Johan, the most important difference is that independent candidates are not on the PR ballots. They can only win ward seats. Small parties can run for both ward and PR seats.
Democracy is about the voice of the people. Whether they vote purely on service delivery issues or on ideological grounds is their choice. The current system on our local government level I think is brilliant because it allows for both local accountability in the form of ward councillors and for the possibility of a plurality of voices getting the time of day.

I would actually suggest that the system get copied onto national level as well so those parliamentarians have consitituencies that actually voted for them (not like now where they get "assigned" constituencies)

Yes, it is unfortunate that candidates in smaller parties have to stand in multiple wards (it is no easy task), but what they in essence are providing the people is choice. Without their presence in the ward the voters are robbed of that choice.
I agree with your first two paragraphs. I was playing devil's advocate in my conclusion because I honestly don't have a strong opinion on the current practice.

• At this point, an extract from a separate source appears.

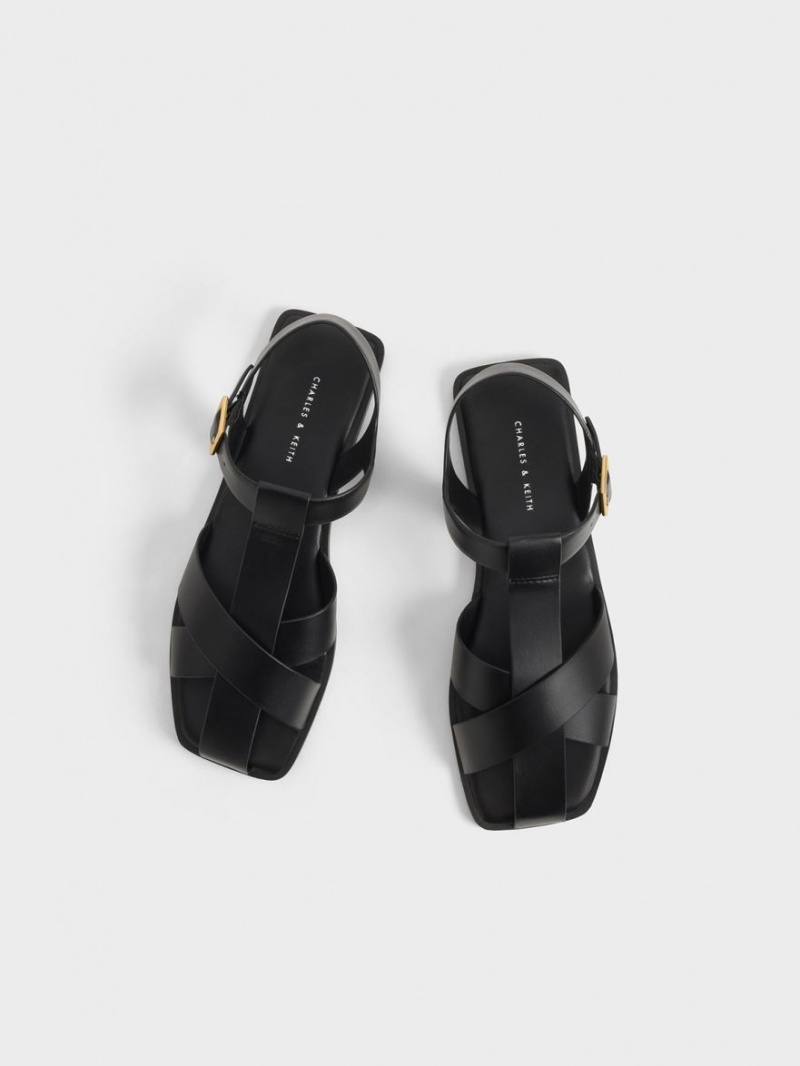 Charles & Keith Riemchen Crossover Sandalen Flach Schwarz | 521HPTQUA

I wasn't so clear maybe in my piece: what is happening is that smaller parties seem to be contesting the wards on paper only. They might not expect to win a single ward, but just being on the ward ballot in ward 34 means being on the PR ballot in ward 34 also, and maybe getting enough votes to win a ward seat.

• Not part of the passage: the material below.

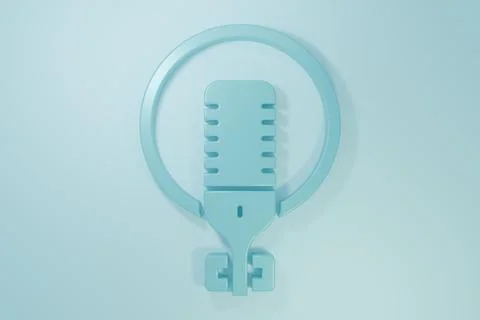 Blue Microphone icon isolated on blue background. On air radio mic micropho.. Stock Illustration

I'm not sure that the people in ward 34 are better serviced through this practice, but I'm equally not sure that they're worse off because of it. Subconsciously we (me, you and others) evaluate the concept of choice in the same way we would at the supermarket; more choice is better. I'm not entirely convinced of this.
Sorry, end of paragraph 2 should read 'enough votes to win a *PR* seat'
JACOBA JOHANNA MARAIS has been entered into 127 wards in the Johannesburg Metro by the AFRICAN CHRISTIAN ALLIANCE-AFRIKANER CHRISTEN ALLIANSIE. This does not advance democracy, it distorts it. A vote for a political party ward candidate is added to the PR count. I have entered her in the Guinness Book of records

There are 12816 duplicate registrations throughout South Africa(1 candidate entering 2 wards = 1, 1 candidate entering 3 wards = 2 etc.)

We have a 5 year dictatorship, not a democracy
Jim, continuing the supermarket analogy in my response above to LP Louw, what we have is ambush marketing by a competitor with an unproven product.

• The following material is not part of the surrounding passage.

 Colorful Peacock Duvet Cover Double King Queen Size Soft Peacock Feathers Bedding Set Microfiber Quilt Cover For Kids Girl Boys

My friend at Voice of the Cape, Riyaaz Ismail, has asked me why we can't have a system where constituents can recall their councillor for non-performance and force a by-election. I think reforms like this, rather than more 'competition in the market' might serve us better. To continue the (now tortured) analogy, we need a Consumer Protection Act for voters, rather than more product on the shelves.
Yes Paul what we need is a mechanism for citizen recall of elected representatives, whether they be at local, provincial or national levels. This addition to our electoral system would move us significantly closer to becoming a living democracy because the voters would have the legal power to call elected representatives to account for their lack of performance. Service delivery protests and their associated costs to the community could become a thing of the past if the voters had the legal means of recalling non-performing representatives.
To be fair, both is better. More choice and more consumer power.

If we accept that their are benefits from the hybrid voting system at local government level, why not extend the model to Parliament? Have half the MPs directly accountable to constituents, not parties, and make all their voting records in Parliament public. Then we would see just who would be prepared to sponsor pro-democracy Bills that were proposed by the person on the street.